*** Data shown Section Begins ***

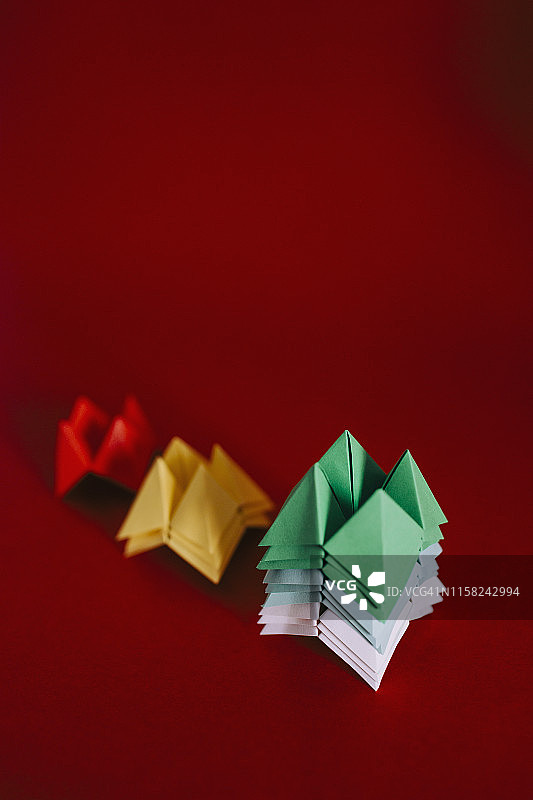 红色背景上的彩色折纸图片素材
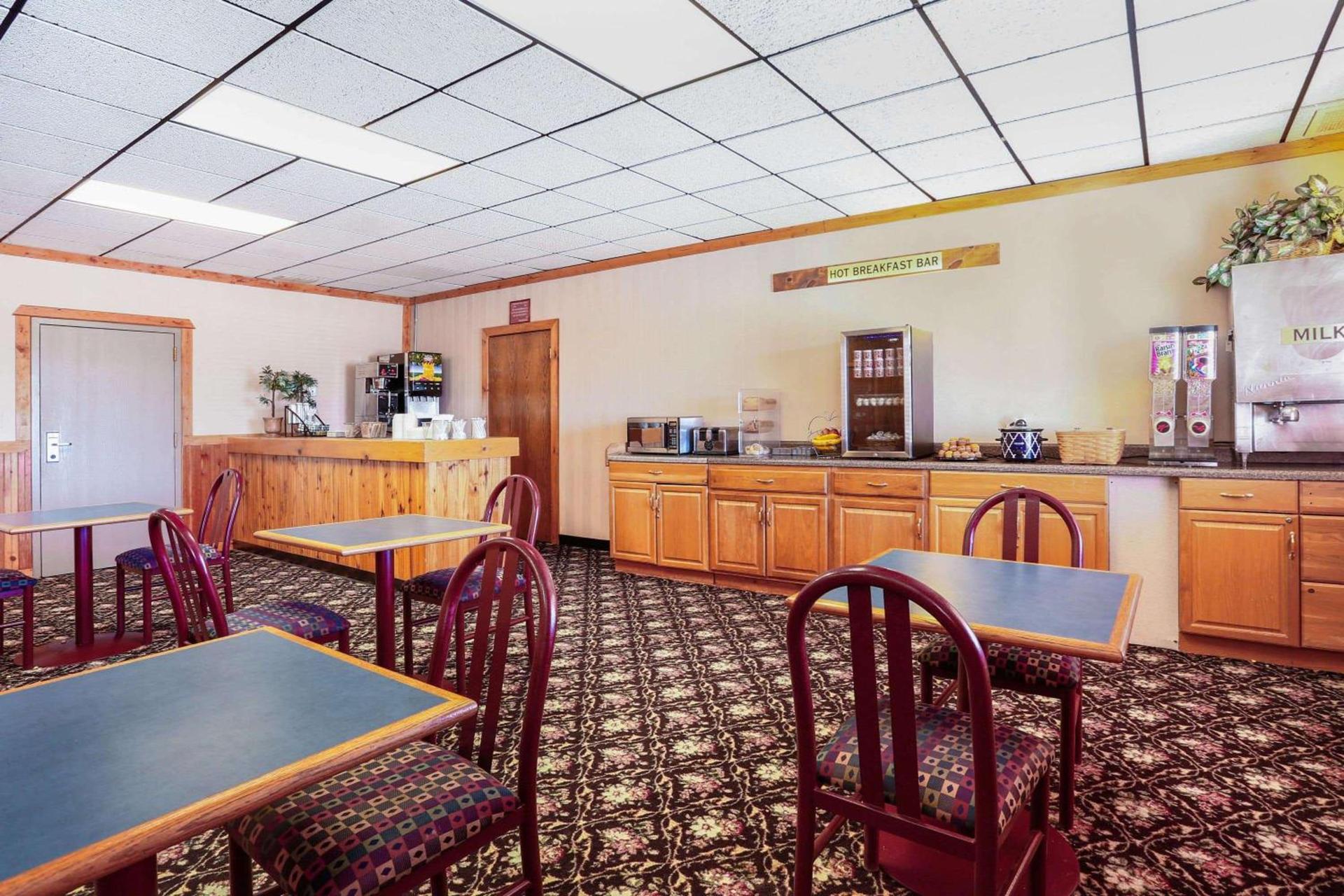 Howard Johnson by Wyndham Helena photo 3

*** Data shown Section Ends ***
*** Data shown Section Begins ***

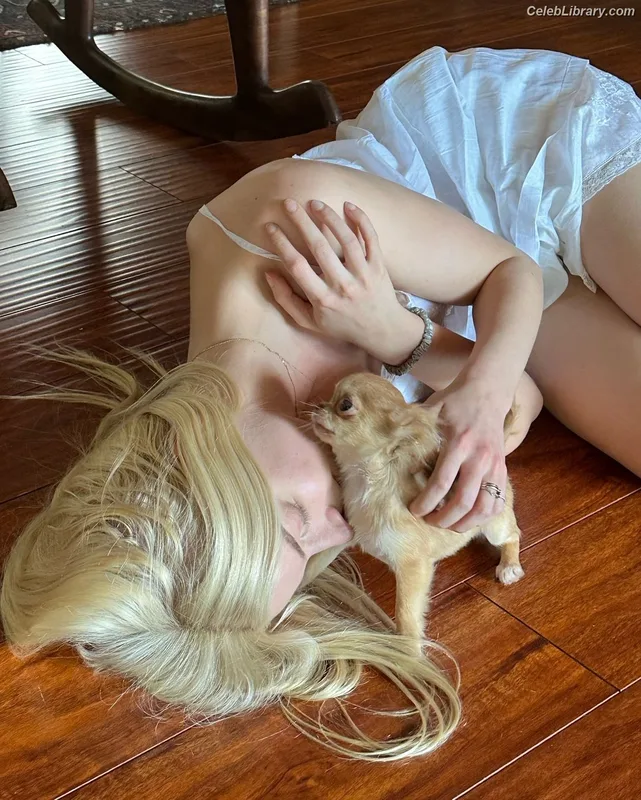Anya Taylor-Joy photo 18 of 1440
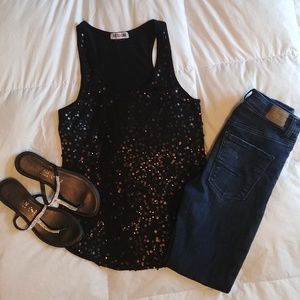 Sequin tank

*** Data shown Section Ends ***
*** Data shown Section Begins ***

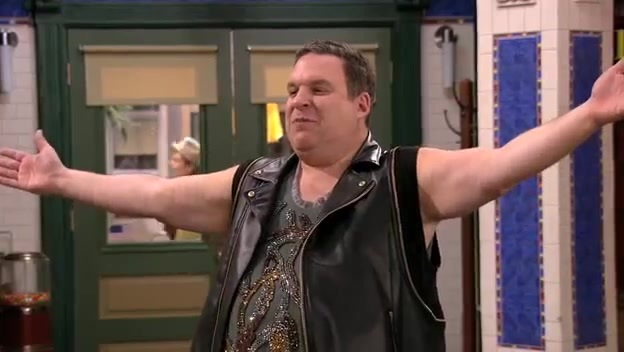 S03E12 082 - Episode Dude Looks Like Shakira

*** Data shown Section Ends ***

Within the listing above, find the line containing "红色背景上的彩色折纸图片素材" and the line containing "Howard Johnson by Wyndham Helena photo 3". Transcribe them and everything between them exactly, leaving out the pictures.

 红色背景上的彩色折纸图片素材
 Howard Johnson by Wyndham Helena photo 3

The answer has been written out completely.